Whilst ‘Arabia Mountain’ was guided by Mark Ronson and boasted faux-60s production, drawing inspiration from the likes of the Sonics and the Premiers; ‘Underneath the Rainbow’ builds on a far broader reaching spectrum of musical influences. ‘Make You Mine’ reminds me of the half talking, half singing drawl that made Lou Reed (God bless his soul), and I’d challenge you not to bop your head/foot/*insert body part here* in time to this simplistic yet catchy tune. ‘Funny’ is evocative of FIDLAR’s ‘Stoked and Broke’ and has drawling, verging-on-shouty vocals that fit seamlessly with a fuzzy sounding instrumental. Garage rock at its finest.
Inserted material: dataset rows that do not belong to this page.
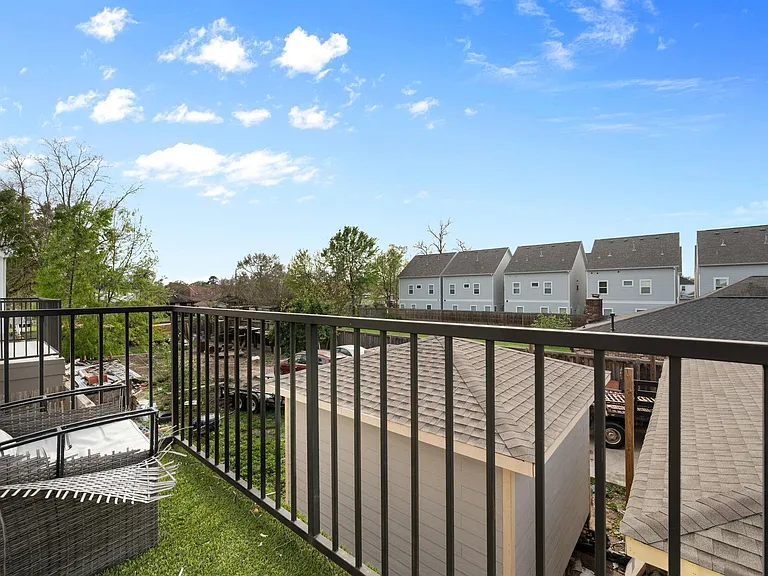 823 Mansfield St #H — Photo 16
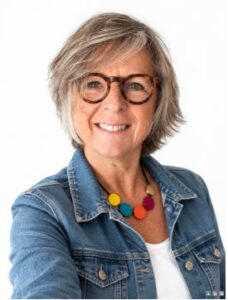 consultante en strategie de communication et marketing à Conflans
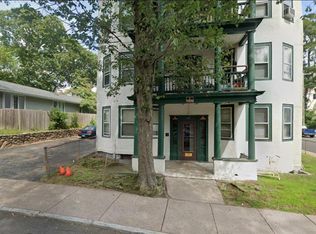 109 Foster St #5B, Manchester, CT 06040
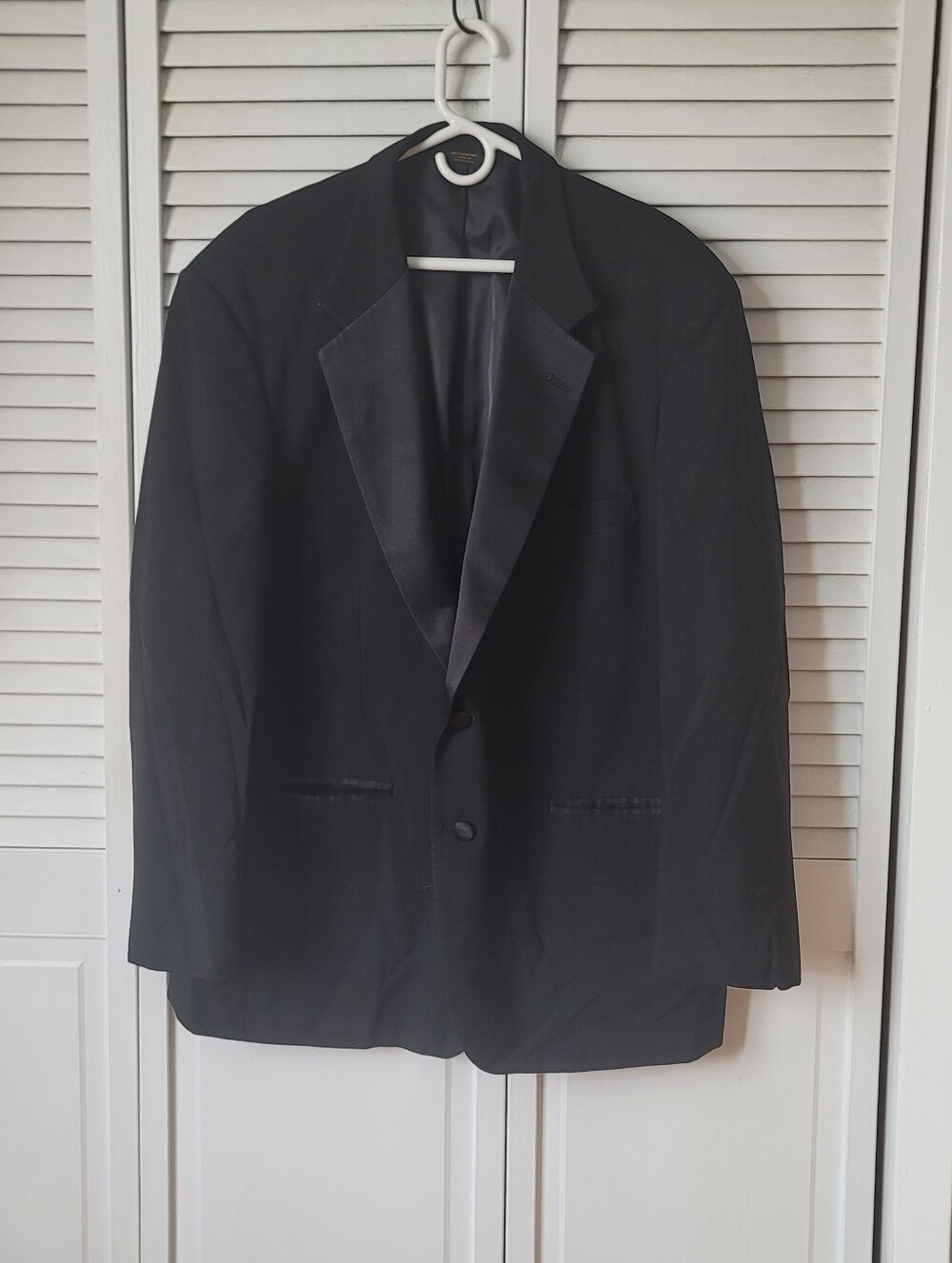 A.H. After Hours Men's Two Button Tuxedo Jacket, Size 2XL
‘Dorner Party’ is a rare track indeed. The sort of track that makes me (side note: the laziest human on the planet) want to put on my running gear and do some exercise for once in my life. This is thanks to the fast paced and buzzing riff that gives the song energy and pace. There’s some really clean, sexy guitar work in ‘Boys In The Wood’ that mirrors the whole of The Black Keys’ ‘El Camino’, but most notably their track ‘Money Maker’.
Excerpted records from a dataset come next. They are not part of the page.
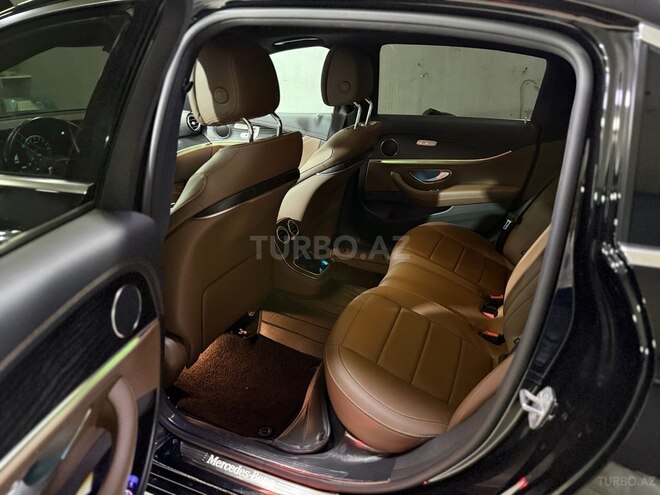 Mercedes E 300 e 4MATIC-8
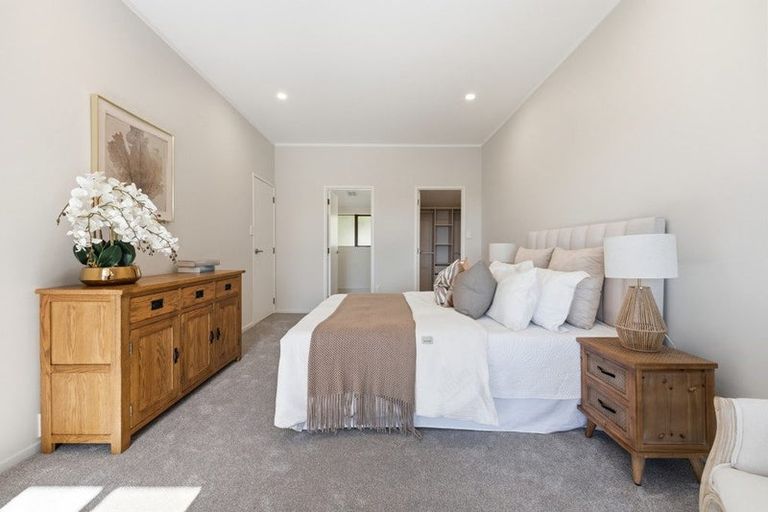 Photo of property in 2 Seaford Place, Murrays Bay, Auckland, 0630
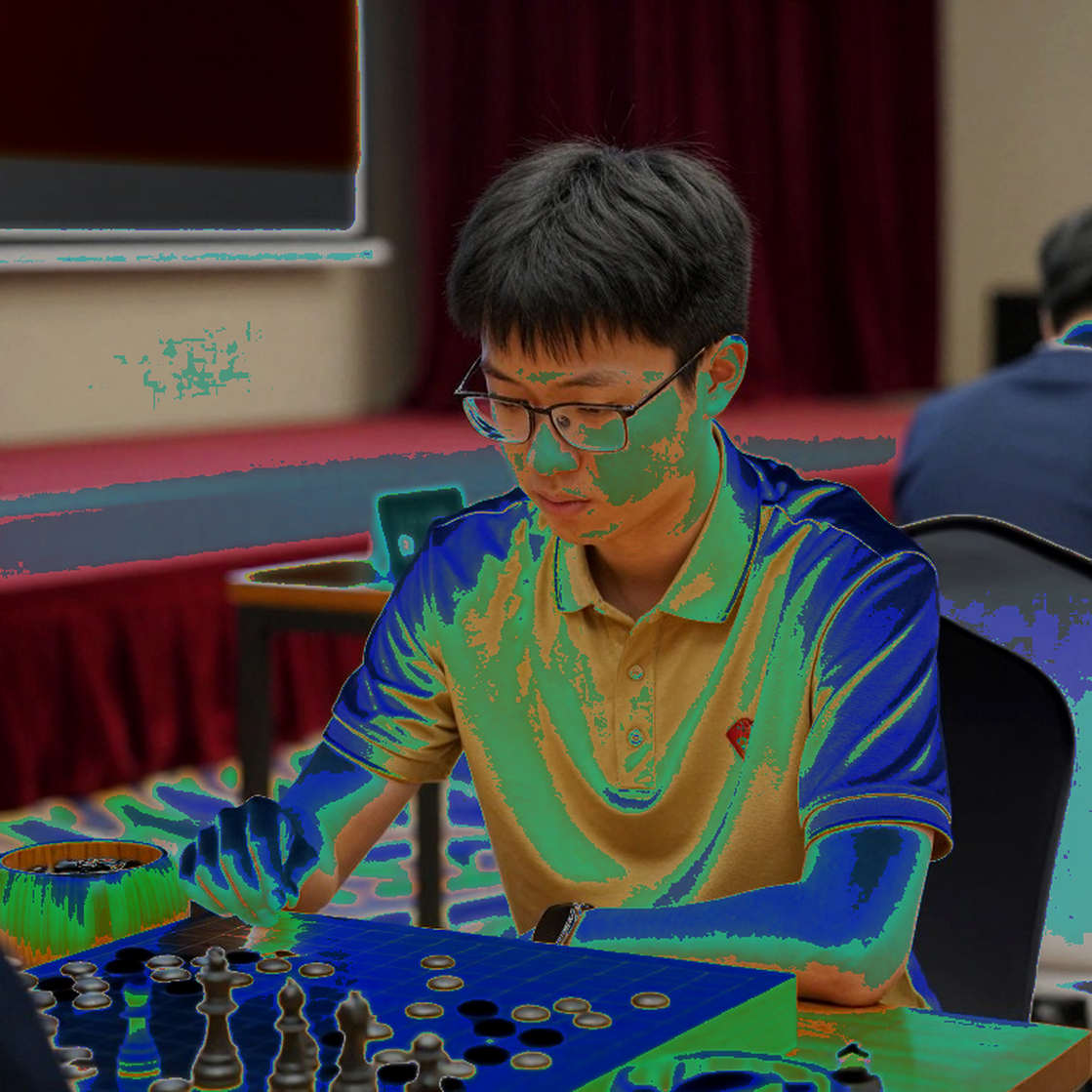 টাকা, ক্লক আর কাগজের ঘোড়া: চেসবেস ম্যাগাজিন ২২৫ এবং বোর্ডের হিসাব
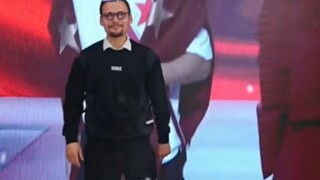 دعنا نسأل فقط، هل نائب المدير الصديق لـ تسانغ فنغ كيفن وسيم أم لا؟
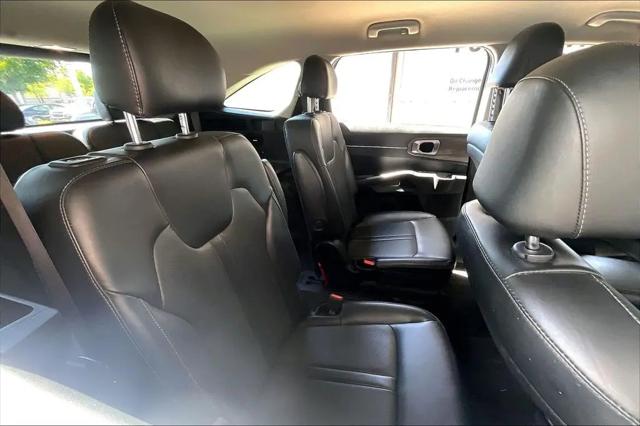 2022 Kia Sorento X-Line EX
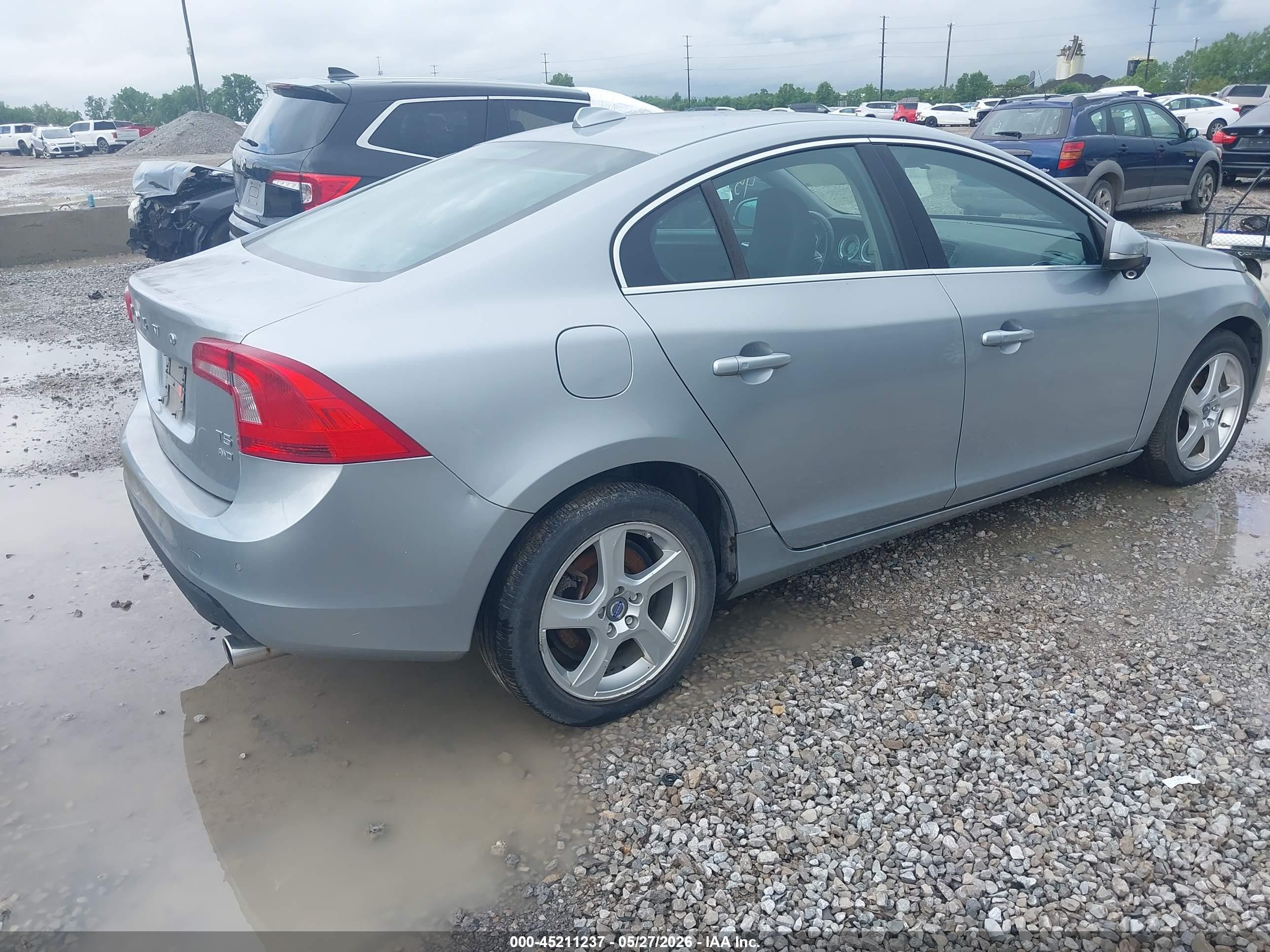 2013 Volvo S60 T5 Light Blue vin: YV1612FH0D2196073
Then there are some slightly darker, more sinister sounding tracks such as ‘Do The Vibrate’ and ‘Dandelion Dust’ which are a welcome shift in tone. The claps in ‘Dandelion Dust’ are a nice addition and I imagine an audience participatory element waiting to happen when the album is played live. Black Lips are famous for their live shows; they’ve covered the spectrum from nudity, urination, vomiting to fireworks to even include a chicken at one point. It’s with a solid record like this that makes me want to tick them off my live bucket list all the more.